If you reached out to customer support in the past few months, you might have noticed that we ask you if you need a reply urgently, or if you’re prepared to wait a little while.
Prioritising helps us deal with growing demand
When you reach out to customer support, you come with all kinds of questions. You might want to tell us that we showed you the wrong logo on your transaction, share an idea for an amazing new feature, or ask for help because your card’s been stolen.
We’d love to reply to every one of your questions instantly, but that’s becoming harder as our customer base grows. In the last year we’ve seen the number of queries we get almost double! So we need to find the best way to deal with demand, to make sure everyone can keep getting the answers they need as we grow even more.

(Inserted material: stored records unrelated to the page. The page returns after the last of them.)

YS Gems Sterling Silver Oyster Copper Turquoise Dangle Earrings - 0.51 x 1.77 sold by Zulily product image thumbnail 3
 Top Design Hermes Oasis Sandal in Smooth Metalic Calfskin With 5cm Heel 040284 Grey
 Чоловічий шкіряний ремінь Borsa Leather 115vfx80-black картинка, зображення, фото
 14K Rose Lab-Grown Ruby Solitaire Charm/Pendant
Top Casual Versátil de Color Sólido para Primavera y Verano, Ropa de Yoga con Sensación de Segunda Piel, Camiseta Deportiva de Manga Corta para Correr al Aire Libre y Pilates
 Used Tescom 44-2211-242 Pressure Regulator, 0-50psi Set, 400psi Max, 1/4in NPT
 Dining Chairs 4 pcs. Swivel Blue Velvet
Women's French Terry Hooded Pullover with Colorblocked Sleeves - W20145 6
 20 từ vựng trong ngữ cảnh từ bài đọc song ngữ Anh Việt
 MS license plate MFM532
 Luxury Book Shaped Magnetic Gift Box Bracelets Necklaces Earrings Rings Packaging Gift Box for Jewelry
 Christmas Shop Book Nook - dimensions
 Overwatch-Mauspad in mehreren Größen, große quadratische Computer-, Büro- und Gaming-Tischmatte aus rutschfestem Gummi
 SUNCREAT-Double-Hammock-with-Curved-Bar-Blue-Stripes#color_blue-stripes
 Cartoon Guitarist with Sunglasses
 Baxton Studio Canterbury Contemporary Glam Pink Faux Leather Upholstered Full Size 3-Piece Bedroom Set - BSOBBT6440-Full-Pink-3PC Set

One way of doing that is by prioritising the most urgent questions and answering them first. But that raises another problem: how to work out which ones we should prioritise!
Tell us how urgent your question is
Based on the content of your question, we can roughly predict how urgent your message might be already. But whatever your question, there’s no way for us to understand exactly how you feel, or what’s going on.
So, rather than trying to predict how urgent your question is, we think you’ll know best and trust you to tell us.
As an early experiment, we added a feature to in-app chat that lets you tell us whether or not your question is urgent.
When you mark your query as urgent, we put it into a separate ‘queue’ of questions. Whenever someone in our support team is ready to start a new conversation with a customer, we prioritise urgent queries above everything else.
Handing over control to customers like this comes with a few risks. There’s always a chance we could end up seeing loads of customers marking every conversation as urgent, and we aren’t able to deal with the demand and answer every question quickly!
But we found that just under a third of people marked their queries as urgent, and the average time we took to respond was less than five minutes.
For questions that weren’t marked as urgent, the average time we took to respond was less than an hour, so no one had to wait for ages either way.
We also surveyed customers after each conversation, to find out if they were satisfied with the service. Our average customer satisfaction score for urgent queries was 94%, and non-urgent queries were slightly higher at 96%.
What’s next?
We found that the feature helped us prioritise your questions effectively, without compromising the quality of your experience. So we’ll be keeping the feature in the app!
We aim to reply to 90% of urgent queries within five minutes, and 90% of non urgent queries within an hour. And we’ll keep using it to learn how we can improve the way we support you.